Answer: Thanks so much for your comments. We submitted our figures as separate files in the past. At this time, we also added figures at the end of text.
(2) About my previous question, number 5. It is not necessary to enrich the library for what I wanted to explain. In a miRNASeq, a size selection is made to eliminate the mRNAs, but in a "normal" RNASeq, those genes that encode miRNAS (average size around 90bp), can be detected correctly if they have a medium / high expression value.
Answer: Many thanks for your professional suggestions. In our paper, we included libraries from other authors to check the expression of miRNAs.
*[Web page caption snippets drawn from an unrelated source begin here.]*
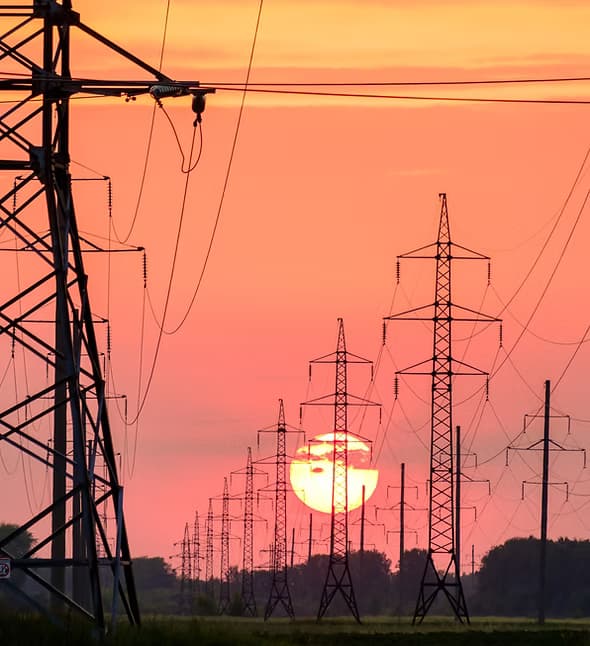Engineers working on a smart grid monitoring system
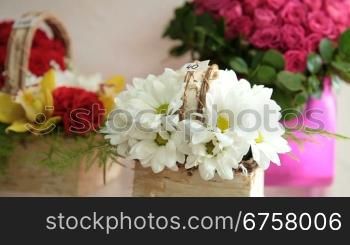 Fresh Flower Basket Arrangements In Florist Shop. Closeup, Tracking Shot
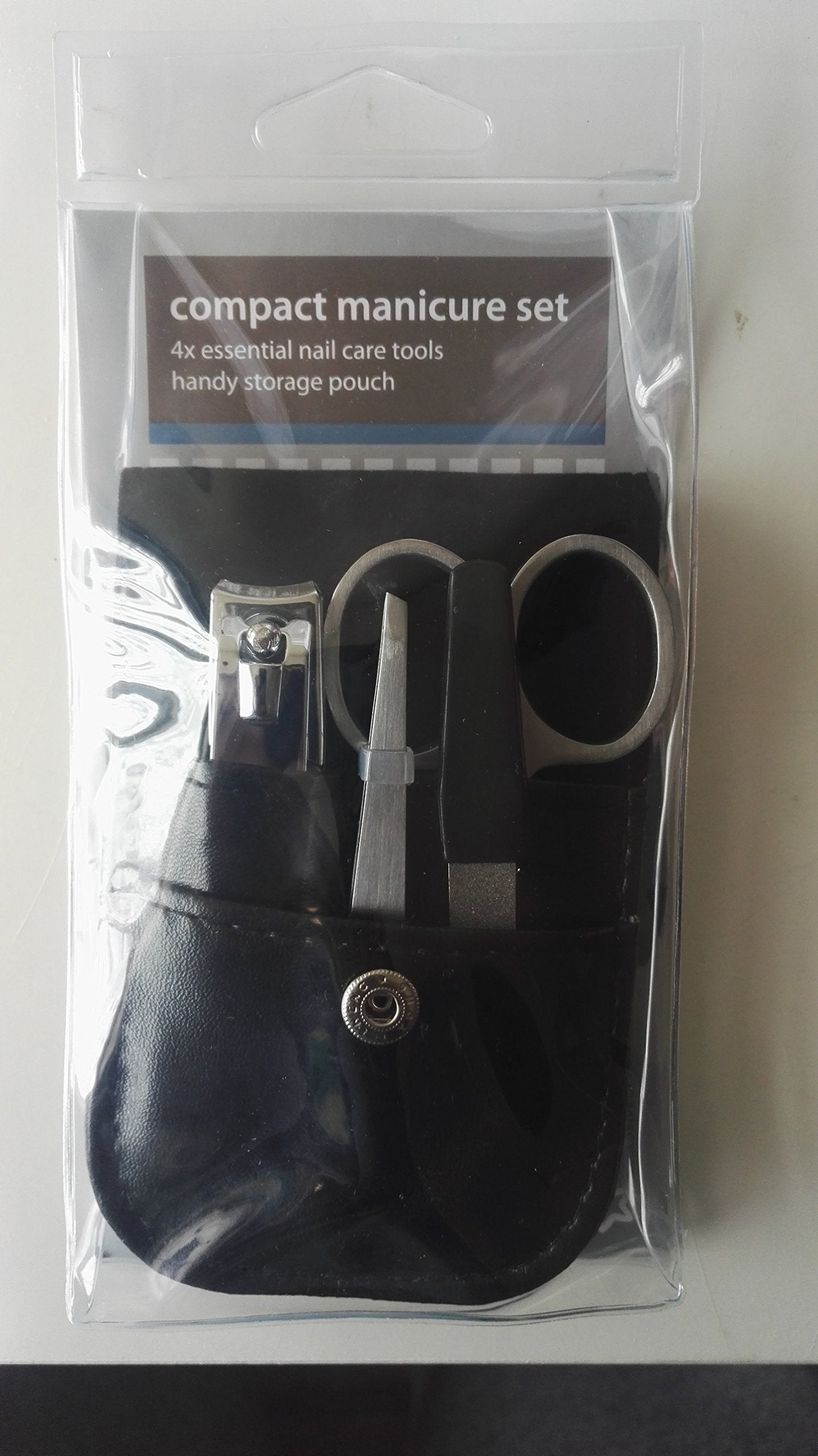 Compact manicure set with pouch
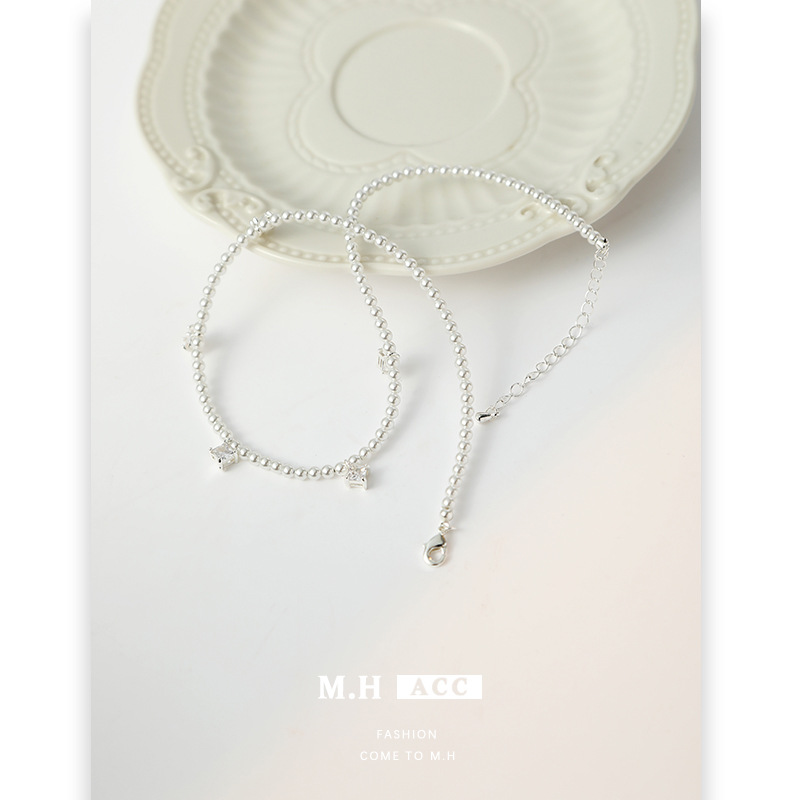 The new design of the star-shaped tassel pearl necklace for women, with a Korean style and ins style, is simple, fashionable and versatile. Wholesale of collarbone chains Application Scenario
Based on your comments, we will try to check the expression of miRNA candidates by pre-miRNA with RNA-seq, and it is a good idea for our project.
Reviewer 2 Report
Unfortunately, without the requested data the paper is not supported.
Author Response
Comments and Suggestions for Authors
Unfortunately, without the requested data the paper is not supported.
Answer: Thanks so much, and we have provided a graph related to the downregulation of CD36 and SLC27 after HS. The details were showed in Additional file 9.
Round 3
Reviewer 1 Report
All my concerns were properly answered
Author Response
Thanks so much.
Reviewer 2 Report
As mentioned in the previous rounds of revision, the manuscript is interesting and well-designed. However, the reported findings remain quite elusive and speculative and need to be validated by a series of experimental procedures. It is strongly recommended to include new data obtained with validation experiments of the identified molecular axes in the revised manuscript.
The mentioned graph related to the down-regulation of CD36 and SLC27 after HS is not present in the additional file 9 provided. Please double check.
Author Response
Thans so much, and we have prepared and double checked new additional file 9 and additional file 11. They worked well. Additional file 9 showed the CircRNA-miRNA-mRNA correlation networks, while additional file 11 showed the expression analysis of circRNA candidates between different groups.
Round 4
Reviewer 2 Report
I still believe that the reported findings remain quite elusive and speculative without the requested validation experiments.
Since the identified molecular axes are not fully supported by the reported data I would suggest to attenuate the conclusions.